To help you harness the power of creativity, this article will outline the five-step creative process one goes through when generating ideas and creating amazing work. Understanding these 5 steps will not only help you understand the creatives you work with but to be more creative yourself in any industry.

Disclaimer: Results may vary!

While some professional creatives might make it look easy, the creative process is not linear, or predictable. It might take days, or weeks, or months, and you might have to go back and forth and repeat steps to get the desired outcome.

Sometimes deadlines force us to accelerate the process, but usually the more time we spend with the process, the better the ideas will be. The process is also not just limited to the arts. Each step looks different for each person, job, industry, or creative medium.

1) Preparation

The key to this step is to fully immerse oneself in the material. This step usually involves a creative brief and includes things like researching a brand, the target audience, or gathering inspirations from other sources. If you’re a writer, you’re reading other works in the same area. If you’re a musician, you’re listening to other pieces of music that inspires you. The same applies for the creative class of graphic designers and digital artists.

2) Incubation

This step is where the “magic” happens for most creatives. After we absorb all the information from the Preparation phase, the next step is to let the ideas marinate in our subconscious. This is when you step away from the problem and do something else; that could be grabbing lunch, going for a run, watching TV, taking a shower, doing laundry, or getting a good night’s rest. For me, some of my best ideas come during nighttime drives through Dallas, admiring the lights of the city skyline.

3) Illumination

This is the lightbulb moment — the “Aha!” moment, the “Eureka!” — the moment when the perfect idea hits you like a bolt of lightning. As a mentor of mine once said, the best ideas come when two unrelated ideas bounce around in your brain for a while and collide together to create something amazing. When this moment hits, a person might rush to their sketchbook or keyboard to jot it down before it escapes them.

4) Evaluation

This is the hard part, where you look at all the ideas before you and narrow it down to which ones work and which ones don’t. This is usually the phase when client feedback comes into the mix and you, your team and the client weigh different options and decide what works for the problem at hand.

5) Implementation

You’ve done the work, you’ve narrowed it down, you’ve decided on a direction, now go!

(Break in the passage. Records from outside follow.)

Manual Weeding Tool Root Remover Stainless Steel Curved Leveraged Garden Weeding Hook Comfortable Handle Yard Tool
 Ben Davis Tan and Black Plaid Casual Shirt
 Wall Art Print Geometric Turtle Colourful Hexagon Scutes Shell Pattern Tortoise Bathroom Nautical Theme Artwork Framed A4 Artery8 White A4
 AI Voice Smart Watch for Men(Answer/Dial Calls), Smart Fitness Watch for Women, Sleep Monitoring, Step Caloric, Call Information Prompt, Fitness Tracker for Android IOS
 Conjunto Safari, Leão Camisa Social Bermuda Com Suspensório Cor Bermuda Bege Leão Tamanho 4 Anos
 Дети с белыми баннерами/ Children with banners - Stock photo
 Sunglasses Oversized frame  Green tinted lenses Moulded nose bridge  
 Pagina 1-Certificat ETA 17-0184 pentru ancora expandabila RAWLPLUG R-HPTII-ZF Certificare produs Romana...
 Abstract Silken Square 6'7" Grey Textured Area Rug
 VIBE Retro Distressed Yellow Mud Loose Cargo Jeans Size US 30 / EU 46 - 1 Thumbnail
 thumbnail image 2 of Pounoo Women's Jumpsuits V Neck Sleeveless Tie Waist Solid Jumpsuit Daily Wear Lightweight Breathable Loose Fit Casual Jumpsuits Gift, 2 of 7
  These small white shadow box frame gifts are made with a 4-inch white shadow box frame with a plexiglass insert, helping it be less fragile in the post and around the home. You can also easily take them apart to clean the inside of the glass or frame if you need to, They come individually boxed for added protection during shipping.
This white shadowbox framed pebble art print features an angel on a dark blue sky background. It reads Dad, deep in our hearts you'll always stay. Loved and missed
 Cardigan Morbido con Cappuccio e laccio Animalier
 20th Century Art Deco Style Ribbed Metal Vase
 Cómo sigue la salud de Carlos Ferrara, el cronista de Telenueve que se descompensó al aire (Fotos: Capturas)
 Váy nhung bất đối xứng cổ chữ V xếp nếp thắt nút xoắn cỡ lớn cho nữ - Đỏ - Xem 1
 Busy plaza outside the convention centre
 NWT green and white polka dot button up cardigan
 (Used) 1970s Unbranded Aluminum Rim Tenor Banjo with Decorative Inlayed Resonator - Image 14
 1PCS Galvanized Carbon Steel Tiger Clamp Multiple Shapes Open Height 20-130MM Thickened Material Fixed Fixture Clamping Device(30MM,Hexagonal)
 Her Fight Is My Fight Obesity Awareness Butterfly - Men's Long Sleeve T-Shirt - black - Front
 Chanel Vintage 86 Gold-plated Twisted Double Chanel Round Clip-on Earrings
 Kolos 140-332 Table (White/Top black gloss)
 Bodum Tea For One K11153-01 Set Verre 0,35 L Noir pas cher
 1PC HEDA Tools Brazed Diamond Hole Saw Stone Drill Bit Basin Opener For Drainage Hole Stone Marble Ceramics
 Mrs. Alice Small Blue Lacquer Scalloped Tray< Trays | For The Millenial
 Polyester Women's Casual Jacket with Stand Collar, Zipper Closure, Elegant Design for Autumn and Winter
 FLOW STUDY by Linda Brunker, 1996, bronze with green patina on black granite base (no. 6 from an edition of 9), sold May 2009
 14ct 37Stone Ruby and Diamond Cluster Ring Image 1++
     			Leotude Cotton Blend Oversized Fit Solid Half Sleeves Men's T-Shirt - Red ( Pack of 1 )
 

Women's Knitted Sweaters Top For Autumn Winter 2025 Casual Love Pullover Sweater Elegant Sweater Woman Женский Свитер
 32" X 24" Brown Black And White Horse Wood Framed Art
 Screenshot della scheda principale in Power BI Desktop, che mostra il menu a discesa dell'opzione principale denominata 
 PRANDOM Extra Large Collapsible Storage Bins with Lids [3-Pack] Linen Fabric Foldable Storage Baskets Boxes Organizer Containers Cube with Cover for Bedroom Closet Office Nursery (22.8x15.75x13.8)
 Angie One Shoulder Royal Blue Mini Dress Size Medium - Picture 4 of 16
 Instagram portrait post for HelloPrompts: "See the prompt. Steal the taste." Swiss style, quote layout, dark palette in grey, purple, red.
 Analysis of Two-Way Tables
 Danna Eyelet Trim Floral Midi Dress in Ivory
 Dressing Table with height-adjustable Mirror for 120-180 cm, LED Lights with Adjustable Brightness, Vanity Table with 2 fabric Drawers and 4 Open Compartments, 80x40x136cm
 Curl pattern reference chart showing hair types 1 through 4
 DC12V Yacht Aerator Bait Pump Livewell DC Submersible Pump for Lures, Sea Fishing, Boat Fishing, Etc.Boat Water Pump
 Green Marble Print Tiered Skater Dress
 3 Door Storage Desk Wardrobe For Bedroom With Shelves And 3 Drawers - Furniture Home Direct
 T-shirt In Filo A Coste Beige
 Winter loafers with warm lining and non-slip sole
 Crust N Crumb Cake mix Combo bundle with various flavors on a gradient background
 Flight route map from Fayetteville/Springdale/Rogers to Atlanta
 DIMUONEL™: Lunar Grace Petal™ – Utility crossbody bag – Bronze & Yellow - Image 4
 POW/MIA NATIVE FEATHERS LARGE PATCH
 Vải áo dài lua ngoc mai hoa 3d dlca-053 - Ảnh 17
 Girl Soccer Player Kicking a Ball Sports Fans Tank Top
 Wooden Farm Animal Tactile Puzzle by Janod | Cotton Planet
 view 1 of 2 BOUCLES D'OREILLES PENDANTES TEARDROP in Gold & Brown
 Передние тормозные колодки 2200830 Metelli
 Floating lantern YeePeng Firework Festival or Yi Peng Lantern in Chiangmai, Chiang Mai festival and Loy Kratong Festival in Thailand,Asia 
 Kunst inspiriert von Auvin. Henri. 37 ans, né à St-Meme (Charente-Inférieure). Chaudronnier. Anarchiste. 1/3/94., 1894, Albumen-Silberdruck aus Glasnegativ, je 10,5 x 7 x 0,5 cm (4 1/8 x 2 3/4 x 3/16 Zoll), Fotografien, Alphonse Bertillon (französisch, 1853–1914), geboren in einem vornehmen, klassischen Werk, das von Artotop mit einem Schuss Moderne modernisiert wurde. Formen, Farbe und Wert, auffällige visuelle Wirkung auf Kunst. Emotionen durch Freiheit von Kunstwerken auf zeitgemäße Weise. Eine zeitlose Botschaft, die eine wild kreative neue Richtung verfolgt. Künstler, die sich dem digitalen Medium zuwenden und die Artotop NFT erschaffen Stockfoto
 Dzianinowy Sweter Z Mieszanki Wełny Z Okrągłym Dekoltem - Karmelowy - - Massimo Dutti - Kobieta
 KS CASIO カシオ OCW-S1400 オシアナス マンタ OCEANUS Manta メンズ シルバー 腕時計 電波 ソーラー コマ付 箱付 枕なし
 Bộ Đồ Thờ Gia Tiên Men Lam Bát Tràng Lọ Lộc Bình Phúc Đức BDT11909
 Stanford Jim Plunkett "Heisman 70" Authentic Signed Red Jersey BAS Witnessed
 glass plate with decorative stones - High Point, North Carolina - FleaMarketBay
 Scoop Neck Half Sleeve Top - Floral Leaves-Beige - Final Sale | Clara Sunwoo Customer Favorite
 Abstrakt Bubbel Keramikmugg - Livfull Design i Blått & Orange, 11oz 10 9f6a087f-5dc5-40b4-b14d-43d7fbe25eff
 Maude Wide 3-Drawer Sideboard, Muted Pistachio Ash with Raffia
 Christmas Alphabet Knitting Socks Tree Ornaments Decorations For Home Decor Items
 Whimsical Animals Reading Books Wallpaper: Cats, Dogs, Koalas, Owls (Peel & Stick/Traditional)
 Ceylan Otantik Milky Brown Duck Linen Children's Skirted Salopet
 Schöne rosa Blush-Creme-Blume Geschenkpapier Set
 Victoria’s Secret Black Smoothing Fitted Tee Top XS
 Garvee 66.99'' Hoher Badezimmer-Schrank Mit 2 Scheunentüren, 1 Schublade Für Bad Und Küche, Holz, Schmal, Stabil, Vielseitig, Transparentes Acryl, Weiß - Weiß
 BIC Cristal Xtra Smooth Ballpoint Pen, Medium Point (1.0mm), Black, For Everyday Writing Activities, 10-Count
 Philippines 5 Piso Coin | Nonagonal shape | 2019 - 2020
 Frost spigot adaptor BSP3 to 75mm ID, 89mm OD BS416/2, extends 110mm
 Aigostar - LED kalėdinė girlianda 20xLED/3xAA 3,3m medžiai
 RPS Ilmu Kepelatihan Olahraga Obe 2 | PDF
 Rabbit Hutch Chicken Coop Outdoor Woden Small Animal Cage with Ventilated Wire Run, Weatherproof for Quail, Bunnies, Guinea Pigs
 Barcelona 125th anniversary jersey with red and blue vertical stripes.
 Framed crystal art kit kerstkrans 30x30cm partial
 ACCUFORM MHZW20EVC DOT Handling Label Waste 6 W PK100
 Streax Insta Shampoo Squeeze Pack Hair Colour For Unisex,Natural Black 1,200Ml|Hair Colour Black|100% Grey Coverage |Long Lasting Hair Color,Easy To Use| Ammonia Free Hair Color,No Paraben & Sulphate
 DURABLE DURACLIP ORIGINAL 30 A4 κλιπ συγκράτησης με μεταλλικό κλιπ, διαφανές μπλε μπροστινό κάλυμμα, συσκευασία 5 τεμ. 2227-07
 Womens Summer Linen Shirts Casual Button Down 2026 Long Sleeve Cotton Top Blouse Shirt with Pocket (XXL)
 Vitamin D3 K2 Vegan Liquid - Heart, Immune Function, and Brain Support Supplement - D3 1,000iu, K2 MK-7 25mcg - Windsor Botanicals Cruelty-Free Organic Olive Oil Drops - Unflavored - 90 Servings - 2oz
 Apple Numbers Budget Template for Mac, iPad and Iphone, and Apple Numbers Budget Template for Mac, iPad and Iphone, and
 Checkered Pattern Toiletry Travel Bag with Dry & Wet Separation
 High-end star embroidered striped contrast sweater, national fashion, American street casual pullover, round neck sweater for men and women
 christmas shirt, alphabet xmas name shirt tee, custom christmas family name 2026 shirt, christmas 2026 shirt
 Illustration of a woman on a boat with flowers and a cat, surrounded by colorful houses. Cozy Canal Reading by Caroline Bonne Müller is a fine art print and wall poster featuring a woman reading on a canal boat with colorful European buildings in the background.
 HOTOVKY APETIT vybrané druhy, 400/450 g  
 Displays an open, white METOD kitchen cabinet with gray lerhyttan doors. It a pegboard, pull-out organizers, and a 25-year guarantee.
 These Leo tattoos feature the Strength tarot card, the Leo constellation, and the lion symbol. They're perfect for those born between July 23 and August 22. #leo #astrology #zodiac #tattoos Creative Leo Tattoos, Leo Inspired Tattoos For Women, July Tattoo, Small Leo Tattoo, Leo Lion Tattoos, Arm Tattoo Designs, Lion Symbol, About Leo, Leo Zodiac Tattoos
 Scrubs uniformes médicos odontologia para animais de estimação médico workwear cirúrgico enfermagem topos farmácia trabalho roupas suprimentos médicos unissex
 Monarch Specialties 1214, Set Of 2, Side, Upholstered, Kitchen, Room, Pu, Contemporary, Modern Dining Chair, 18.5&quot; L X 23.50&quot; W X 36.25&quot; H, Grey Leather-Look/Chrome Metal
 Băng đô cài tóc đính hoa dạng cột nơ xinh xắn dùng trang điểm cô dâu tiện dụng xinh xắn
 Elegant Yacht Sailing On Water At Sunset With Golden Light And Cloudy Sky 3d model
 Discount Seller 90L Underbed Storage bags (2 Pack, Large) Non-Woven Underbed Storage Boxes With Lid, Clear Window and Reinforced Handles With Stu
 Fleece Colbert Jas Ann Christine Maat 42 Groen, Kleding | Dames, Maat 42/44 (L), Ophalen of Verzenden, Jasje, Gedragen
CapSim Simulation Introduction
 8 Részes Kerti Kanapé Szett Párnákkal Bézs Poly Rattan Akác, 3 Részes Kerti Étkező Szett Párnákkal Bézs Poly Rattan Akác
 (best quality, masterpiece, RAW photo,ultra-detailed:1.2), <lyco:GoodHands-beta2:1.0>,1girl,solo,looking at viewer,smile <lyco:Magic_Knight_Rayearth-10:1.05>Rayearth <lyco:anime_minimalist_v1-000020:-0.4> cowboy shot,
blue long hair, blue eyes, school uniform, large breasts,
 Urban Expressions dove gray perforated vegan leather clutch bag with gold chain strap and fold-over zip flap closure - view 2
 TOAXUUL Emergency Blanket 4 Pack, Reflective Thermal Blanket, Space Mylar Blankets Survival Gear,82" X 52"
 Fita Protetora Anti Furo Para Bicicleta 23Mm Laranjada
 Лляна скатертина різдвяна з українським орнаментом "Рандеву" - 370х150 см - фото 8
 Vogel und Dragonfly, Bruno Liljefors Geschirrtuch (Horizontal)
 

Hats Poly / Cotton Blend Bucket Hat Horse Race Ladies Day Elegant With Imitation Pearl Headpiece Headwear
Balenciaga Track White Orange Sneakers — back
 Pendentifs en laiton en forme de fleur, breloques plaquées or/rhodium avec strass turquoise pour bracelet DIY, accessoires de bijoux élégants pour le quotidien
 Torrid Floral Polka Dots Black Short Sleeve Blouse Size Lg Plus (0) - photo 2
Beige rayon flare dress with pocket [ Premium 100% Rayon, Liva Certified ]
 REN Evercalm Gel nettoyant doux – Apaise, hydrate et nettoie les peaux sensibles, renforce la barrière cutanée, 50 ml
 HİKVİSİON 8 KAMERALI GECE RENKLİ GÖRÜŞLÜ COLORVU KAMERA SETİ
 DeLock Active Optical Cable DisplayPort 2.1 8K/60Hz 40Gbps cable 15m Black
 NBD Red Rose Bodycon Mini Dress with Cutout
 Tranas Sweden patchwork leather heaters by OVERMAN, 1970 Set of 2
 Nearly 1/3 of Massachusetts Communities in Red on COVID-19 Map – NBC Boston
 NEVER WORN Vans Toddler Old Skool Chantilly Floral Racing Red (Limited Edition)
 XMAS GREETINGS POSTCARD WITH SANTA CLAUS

This is the part where the final product gets produced, where things like skill, experience, knowledge, and hours of work come in to play. This is the writer’s final draft, the artist’s finished piece, the musician’s live performance. The satisfaction of a job well done after this stage makes all the hours of hard work worth it.

People in creative industries spend thousands of hours repeating and perfecting this process to figure out what works for them, but that doesn’t mean only designers and writers can use it. I encourage you to use these 5 steps in your work to help make work that’s more creative, more revolutionary and will be sure to impress your clients and yourself. Go for it!